# [WORK TO BE COMPLETED]
Only some lines are wanted: please transcribe exactly those from the one containing "Break In Space" through the end of the data, pictures excluded.

# [DATA BELOW]
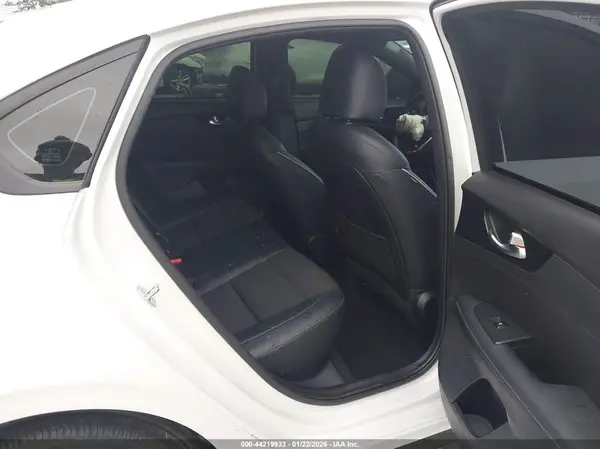 3KPF54AD5PE603421 2023 KIA FORTE - Image 8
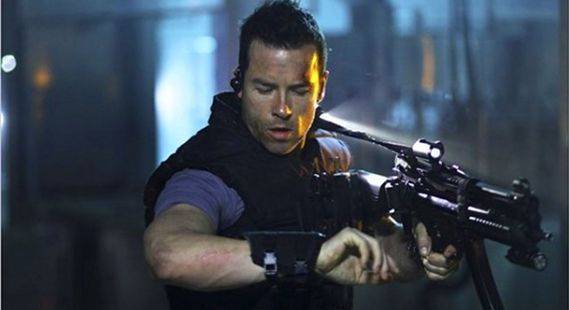 'Lock-Out' Trailer: Prison Break In Space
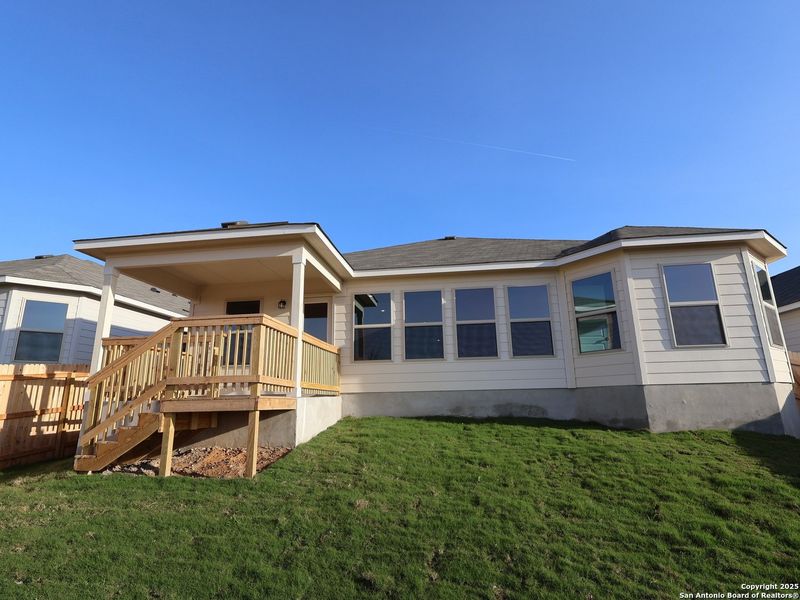 Exterior details and patio area of a home in Paloma Park, Converse (Image 4).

# [REPLY]
 'Lock-Out' Trailer: Prison Break In Space
 Exterior details and patio area of a home in Paloma Park, Converse (Image 4).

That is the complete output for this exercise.